Beginning with the line in which "Scan văn bản bằng điện thoại iPhone" appears, transcribe each line word for word until the records end. Do not include pictures.

EXERCISE INPUTS Start Marker

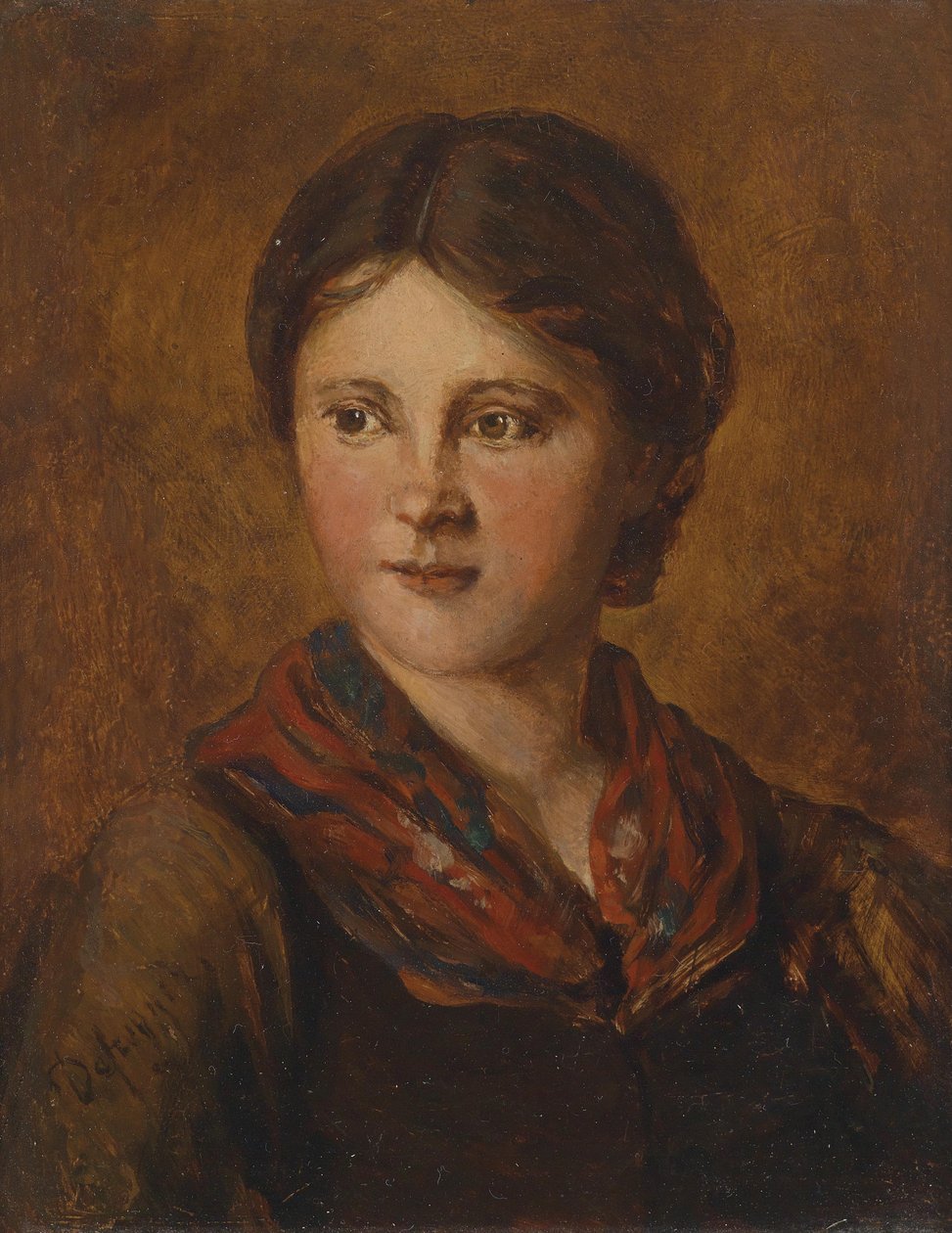 Tiroler Dirndl av Franz Defregger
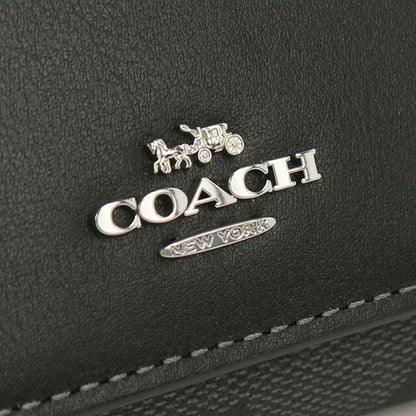 コーチ 三折財布小銭入付き レディース ブランド COACH CM761 ブラック 財布 COACM761011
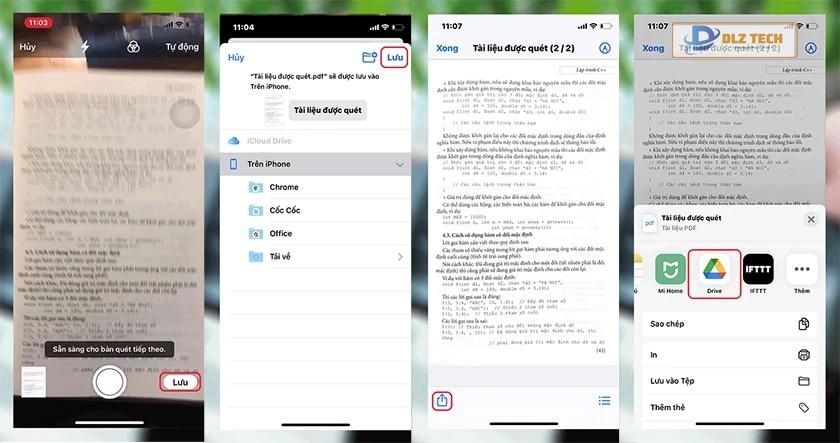 Scan văn bản bằng điện thoại iPhone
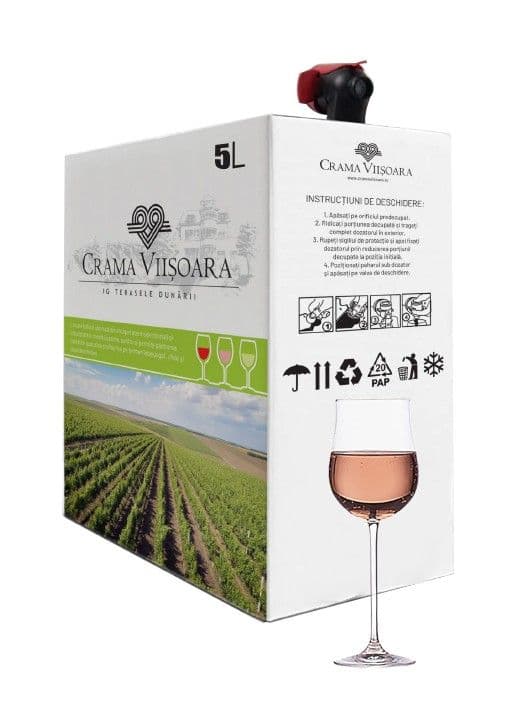 Crama Viisoara Vin Rose demisec Bag in Box 5L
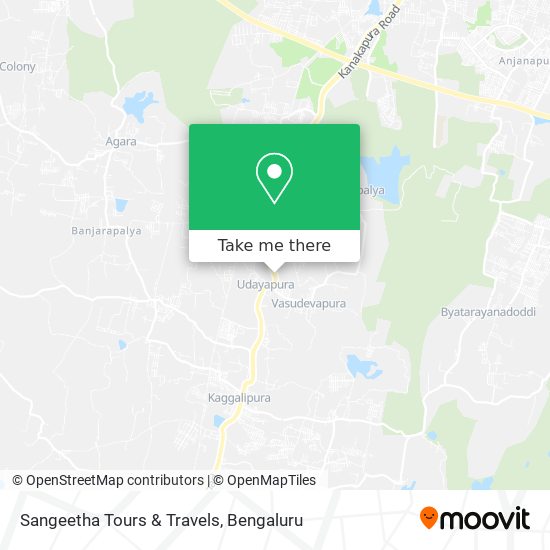 Sangeetha Tours & Travels map
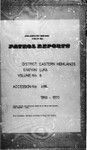 Patrol Reports. Eastern Highlands District, Lufa, 1969 - 1970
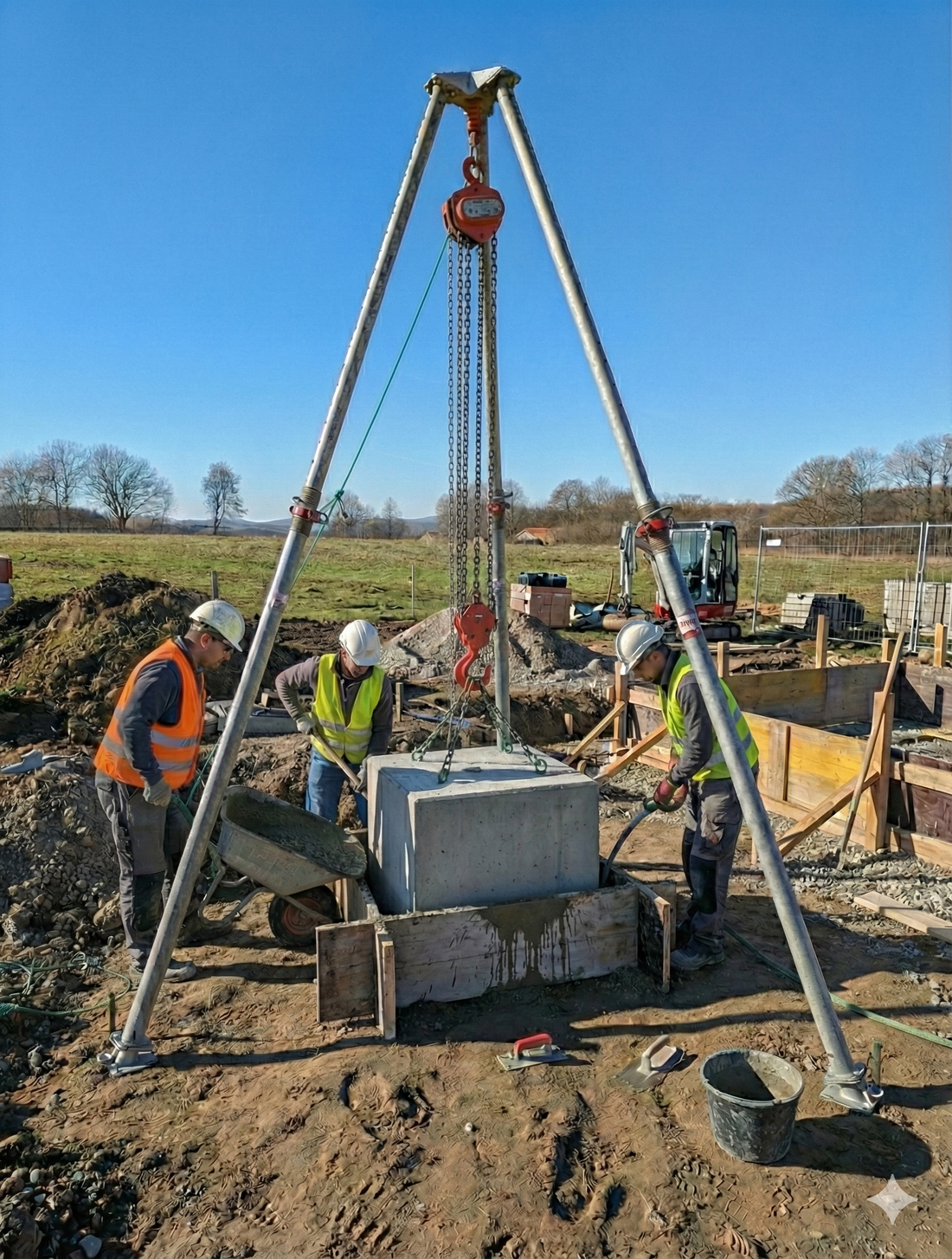 Spielgeräte und Bauteile normgerecht einbetonieren – Das Bautri-System für Profis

EXERCISE INPUTS End Marker

EXERCISE ANSWER –
 Scan văn bản bằng điện thoại iPhone
 Crama Viisoara Vin Rose demisec Bag in Box 5L
 Sangeetha Tours & Travels map
 Patrol Reports. Eastern Highlands District, Lufa, 1969 - 1970
 Spielgeräte und Bauteile normgerecht einbetonieren – Das Bautri-System für Profis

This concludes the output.